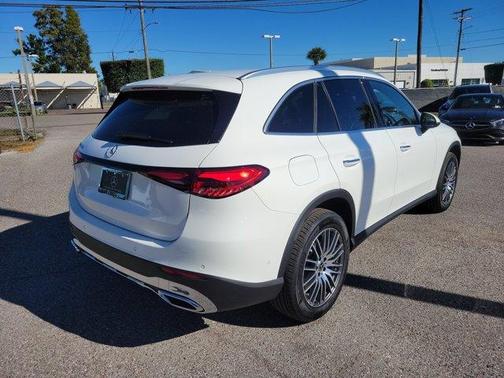 2025 Mercedes-Benz GLC 300 Base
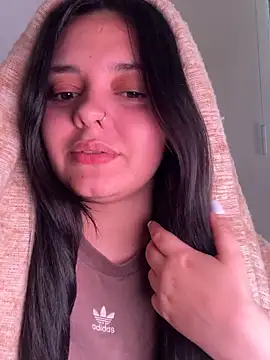 candicewest  online show from April 2026 03:28:01 PM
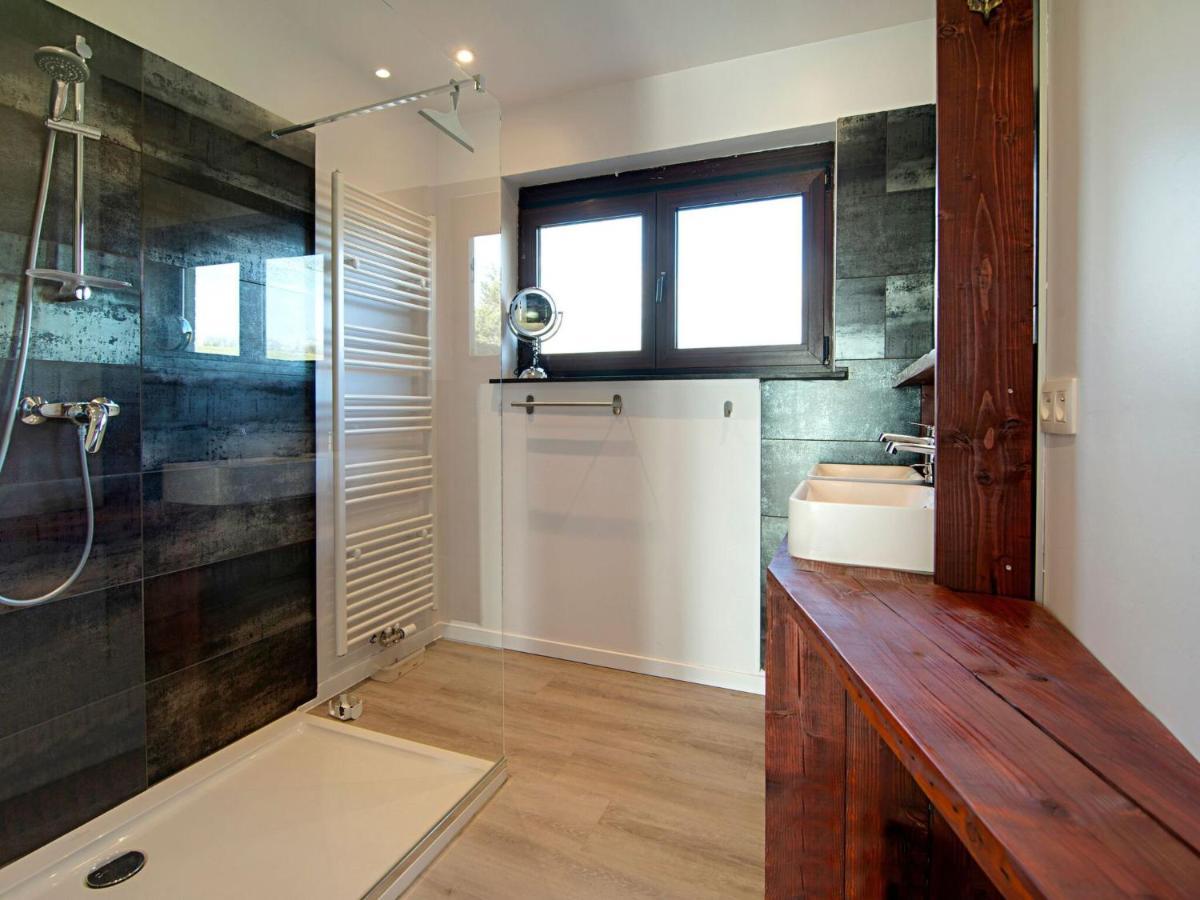 Beautiful And Spacious Holiday Home With P Tanque Court And Countryside Views Somme-Leuze Rum bild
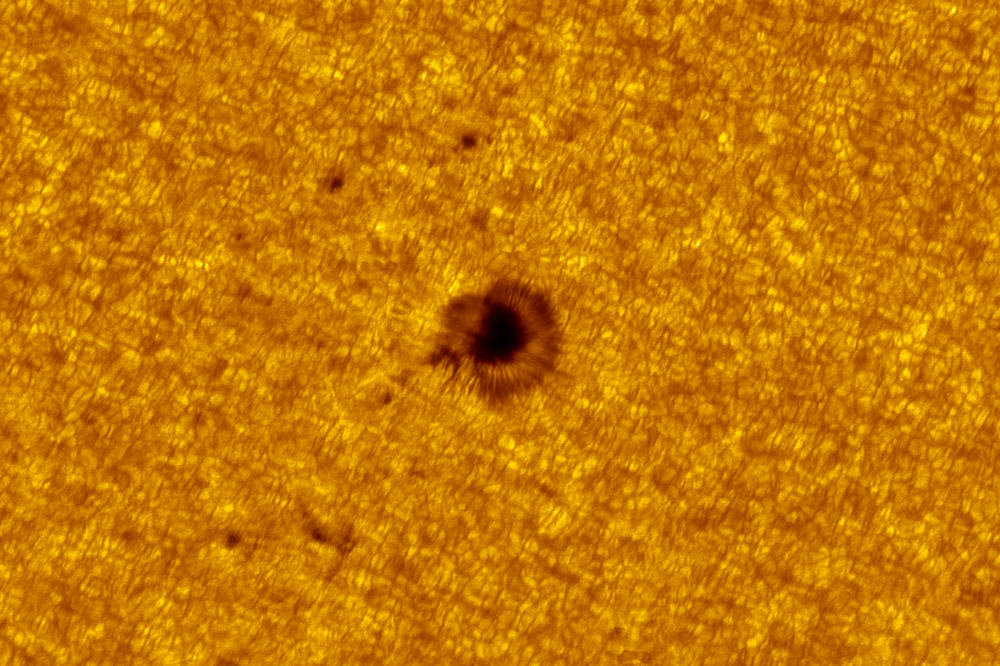 2020.06.10 Sun AR12765 (color)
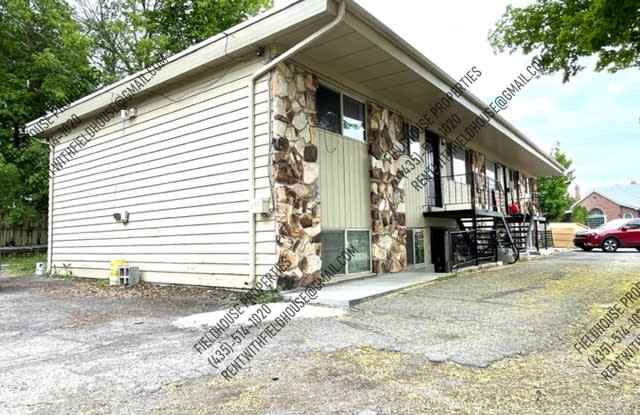 Photo of 571 E 500 N - 2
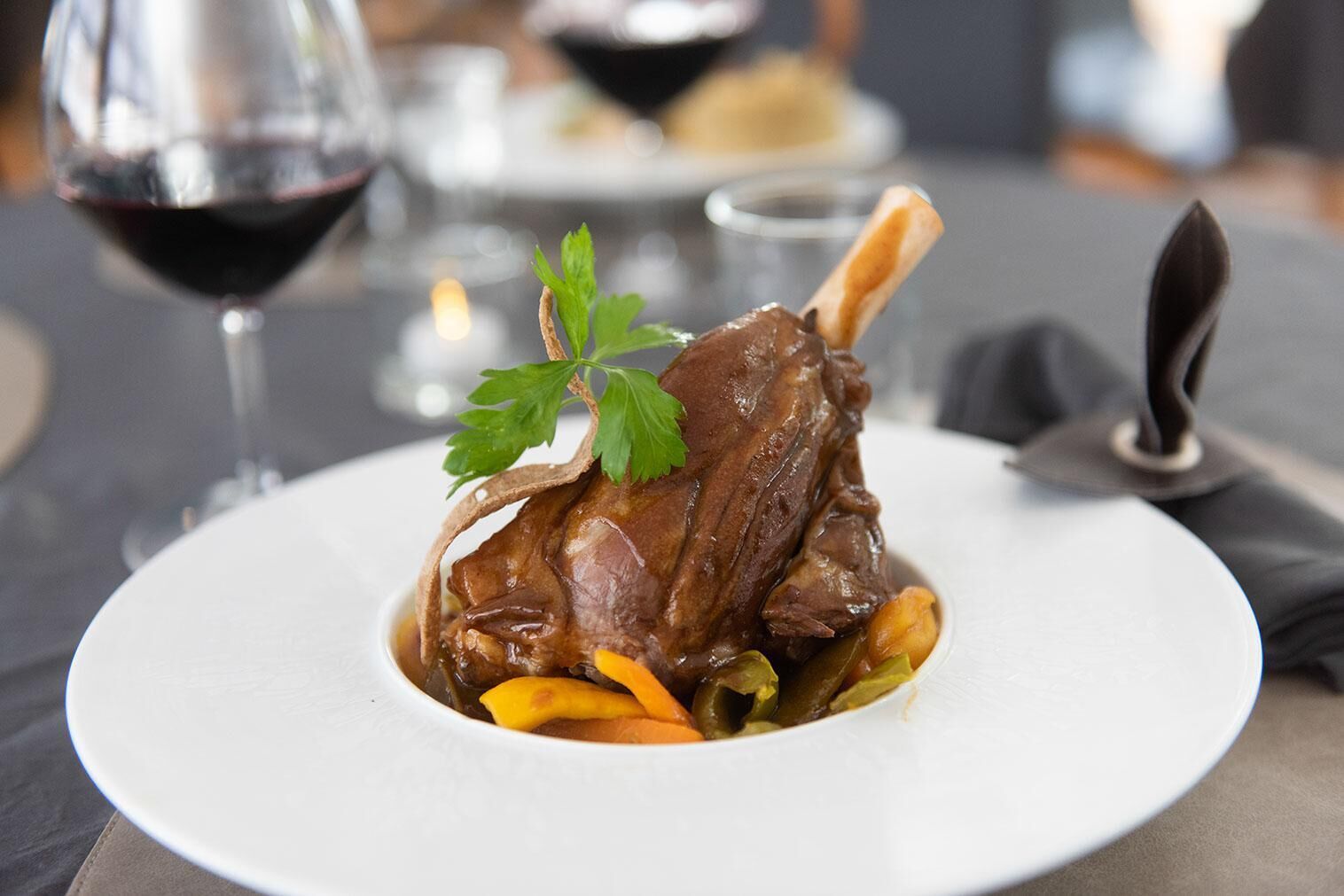 lunch and dinner served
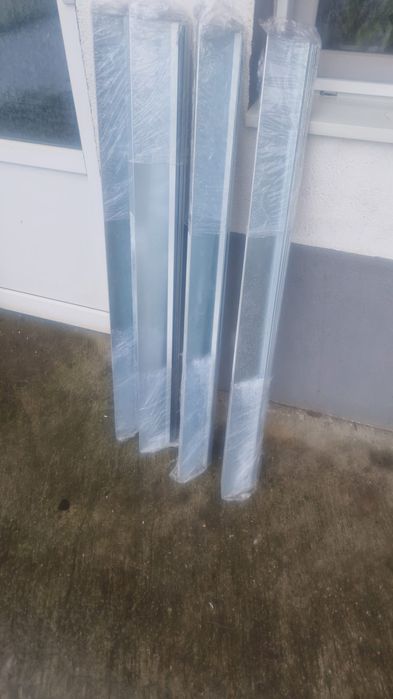 Parazapezi acoperis  9 lei m l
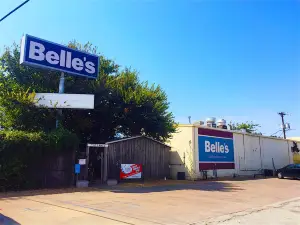 Belle's Chicken Dinner House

####

**WHAT IS EXPECTED:**
Repeat the records word for word. Leave out whatever pictures they hold.

**RESPONSE AREA:**
 2025 Mercedes-Benz GLC 300 Base
 candicewest  online show from April 2026 03:28:01 PM
 Beautiful And Spacious Holiday Home With P Tanque Court And Countryside Views Somme-Leuze Rum bild
 2020.06.10 Sun AR12765 (color)
 Photo of 571 E 500 N - 2
 lunch and dinner served
 Parazapezi acoperis  9 lei m l
 Belle's Chicken Dinner House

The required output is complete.